Most search firms never publish how recruiters split client and candidate ownership internally — but it shapes your candidate depth more than any fee number. Here's why SST uses a hybrid client-candidate ownership model, and what it means for clients.

By Tony Nakada · Published April 22, 2026 · 10 min read

TL;DR: The internal ownership model of your recruiting partner — who "owns" the client, who "owns" the candidate — determines whether you see three qualified candidates or thirteen, whether the firm's best people actually work on your search, and whether candidates feel represented or commoditized. Six Sigma Talent runs a hybrid client-candidate ownership model with explicit activity rules and 90-day expiration on candidate ownership.
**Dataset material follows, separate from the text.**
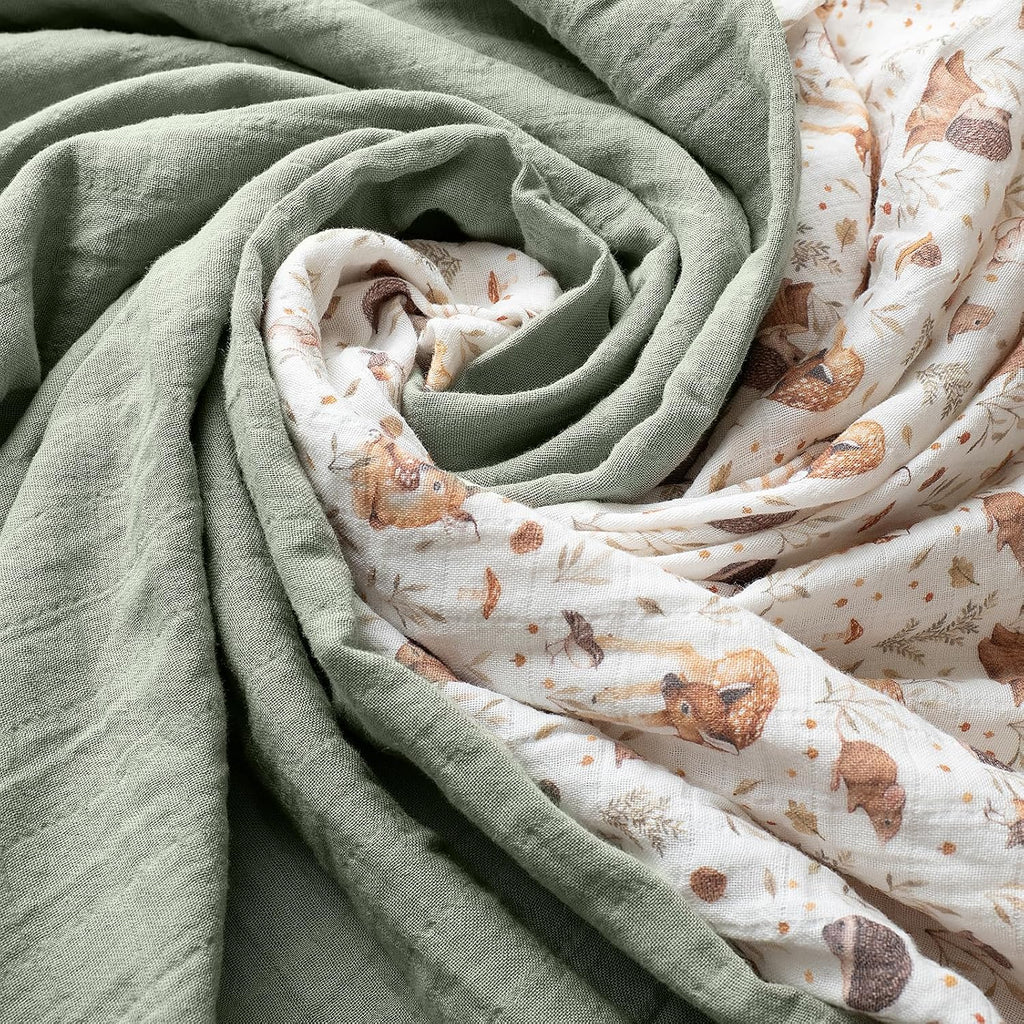 Certified Organic Muslin Swaddle Blankets, 2 Pack Baby Receiving Blankets, Soft Breathable Cotton Swaddles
This article explains why, and what it means for clients.

The question clients never ask (but should)

When a client evaluates a search firm, they almost always ask about fees, timelines, guarantees, and references. They rarely ask: "How do your recruiters split the work internally?"

But this is arguably the most important question. The firm's ownership model — the internal rules for who owns the client relationship, who owns candidate relationships, and how fees split between recruiters — shapes almost every tangible outcome:

  • How many qualified candidates you actually see
  • Whether the firm's best recruiter is motivated to work on your search
  • Whether candidates feel like humans or CVs
  • Whether the process is collaborative or political
  • Whether good candidates stay "owned" by one recruiter who hasn't touched them in eight months

This article explains the three models in common use, why the first two break in Japan specifically, and the hybrid model Six Sigma Talent uses — with the rules that make it work.

Model 1: Client-only ownership

How it works: One recruiter "owns" the client. They handle intake, search, coordination, delivery — and they take the full fee on placements.

Where it works: Large enterprise accounts in the US and Europe where candidates are abundant and the constraint is client-relationship quality. The consistency of a single dedicated point of contact outweighs the fragmentation cost on the candidate side. This is the EnWorld / Michael Page model.

Where it breaks in Japan: Two failure modes, both sharp.

Failure 1 — Relationship burning

Recruiter A opens an Accounting Manager role at Manufacturing Client 3. They source 13 candidates from the firm's database and send them job pitches. Some of those candidates told other recruiters at the firm — months ago — that they don't want to work in manufacturing, or they've moved out of accounting entirely. Without shared candidate ownership, Recruiter A has no visibility into that. The candidates receive irrelevant pitches, get annoyed, and the firm burns relationships with exactly the kind of passive, senior talent that's hardest to replace.

In a market where the qualified bilingual CFO pool is ~500 people total, burning 13 relationships on a single sloppy outreach is expensive and slow to undo.

Failure 2 — Withheld candidates

Recruiter A is running an Accounting Manager search for Client 1. Recruiter B is running a similar search for Client 2. Recruiter A finds Candidate X who'd be perfect for both. Under client-only ownership, Recruiter A gets no fee if Recruiter B places the candidate at Client 2 — so Recruiter A is incentivized not to share. Both clients lose optionality; the candidate loses a better match.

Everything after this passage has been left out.